Starting with Egyptian papyri, Trunkey touched on Greek misconceptions (such as the simple experiment "proving" that tourniquets make you bleed more) before discussing the development of trauma care by the Romans. Galen, who became surgeon to the gladiators when he was 28 years old, was the first to suture tendons and muscle; however, he does not seem to have developed any conception of shock as a medical condition. He did develop a method of ligating vessels, a vast improvement over earlier treatments such as fig juice (Iliad), decoction of pepper (Chou Li), or packing the wound with vinegar-soaked lint (Celsus). Cautery was the treatment of choice during most of the Middle Ages, until Ambroise Pare resurrected ligation in his work during the Renaissance. Dominique Larrey elevated ligature to an art: it is said that he was able to amputate a leg and ligate all the associated vessels in one and a half minutes (as Napoleon's surgeon, he had a lot of opportunities to practice).

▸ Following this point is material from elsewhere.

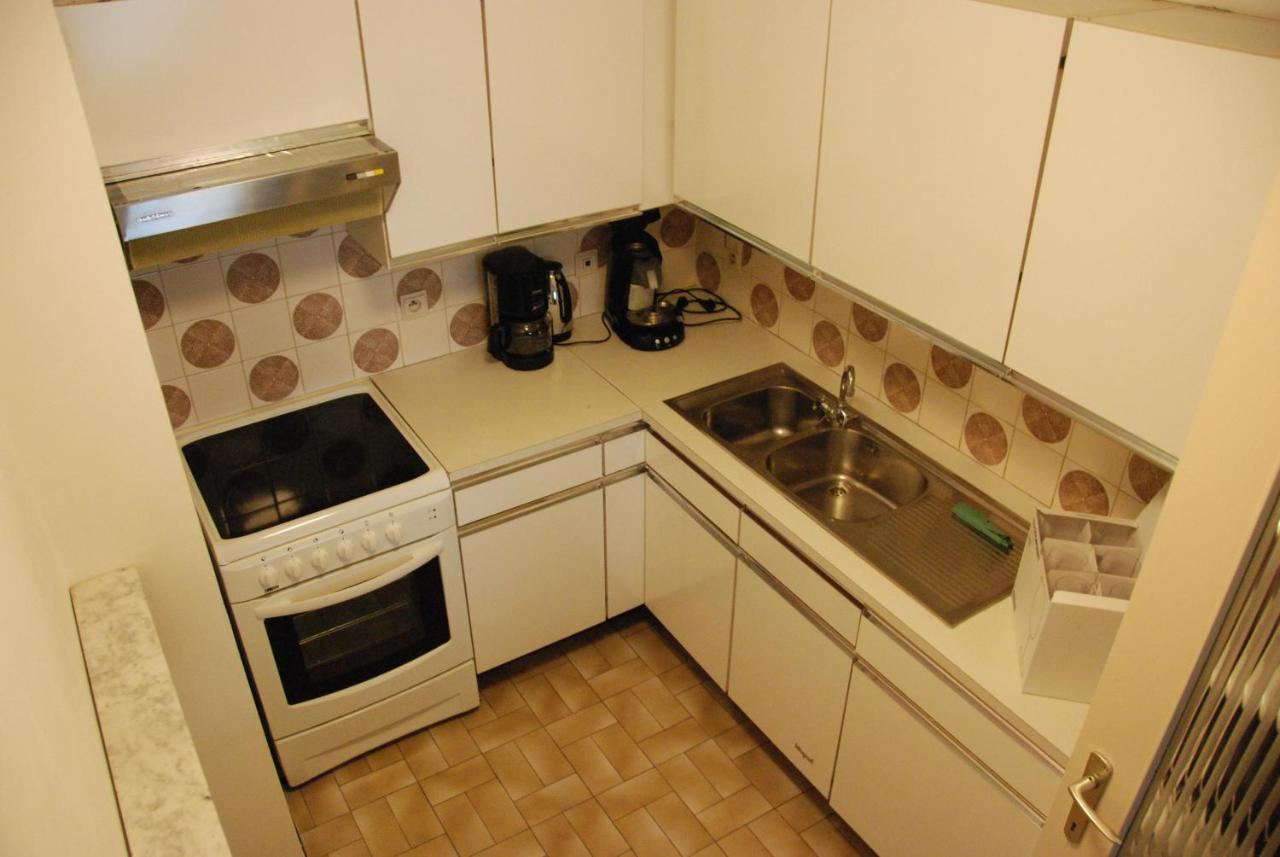 Westclif 2 Apartment บลังเคนเบอร์เก ภายนอก รูปภาพ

It wasn't until the mid-1800s that surgeons began to conceive of shock as a specific condition. Some of the early definitions were less than precise:
Shock is "a momentary pause in the act of death."--John Collins Warren
"Shock is the manifestation of the rude unhinging of the machinery of life."--Samuel Gross
In 1923, Walter Cannon published Traumatic Shock, the first work to adequately describe the condition. Cannon had spent three months observing wound treatment at Casualty Clearing Station No. 33 in France during World War I, and had compiled data on the various categories and stages of shock. According to Trunkey, most subsequent research on shock has shown Cannon's theories to be correct--and that, to this day, physicians and surgeons are ignoring this historical work. He wound up his talk with a slide from the ATLS on "Recognition of Shock State"--proceeding to discount four of the six listed indicators as either difficult to measure or actually misleading.
The lesson for the day: those who choose to ignore history do so at their own (and others') peril.